My family signed on as regular vendors at Omaha’s downtown farmers market. The experience was a good one. It taught us firsthand that almost anyone should be able to use a farmers market to turn surplus garden produce into extra cash. The experience also showed us several ways to make selling fresh produce more attractive, easier to run, and far more profitable than it might otherwise be.
Unusual Vegetables Sell!
Perhaps the most important of all the lessons we learned last year was that “variety crops” sell, and sell well! It took only a few days at the stand to show us we’d been far too timid when selecting the vegetables that we’d planted for sale. We had figured that most customers would want only the “tried and true,” and that very few would be interested in trying anything new.
Surprise! About half the farmers’ market crowd — we soon learned — were there to find adventure! Spaghetti squash and sugar peas were sellouts . . . even to people who’d never heard of them before. Broccoli was a strong mover (as opposed to the more-ordinary cabbage, which we practically had to give away). Even ming beans, which didn’t sell the first week, were a big hit the second, after I’d put them into four-ounce packages with simple sprouting directions.
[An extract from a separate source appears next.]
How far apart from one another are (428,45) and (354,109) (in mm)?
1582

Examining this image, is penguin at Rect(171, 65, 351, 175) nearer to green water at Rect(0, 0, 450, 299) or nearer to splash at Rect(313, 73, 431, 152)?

Perhaps more amazing yet was the way that flowers sold. Even simple little bunches of zinnias, which we’d really planted only for ourselves. Apartment dwellers — it seems — generally have no place to grow fresh flowers of their own and, consequently, often jump at the chance to buy even small bouquets.
Herbs were another pleasant surprise. They turned out to be some of the most lucrative items we stocked! And probably the least work too! Actually, the herb garden was our 11-year-old daughter Barbara’s project. And, being less than enthusiastic about outdoor work, she did little more than “drop in the seeds” in the spring, then pick, package, and label the herb leaves on Friday nights before Saturday market. Still, she sold everything she took to the stand and made good spending money with very little effort.
As the season wore on and — market day after market day — we saw how well “offbeat” produce sold, we tried harder and harder to satisfy this obvious demand.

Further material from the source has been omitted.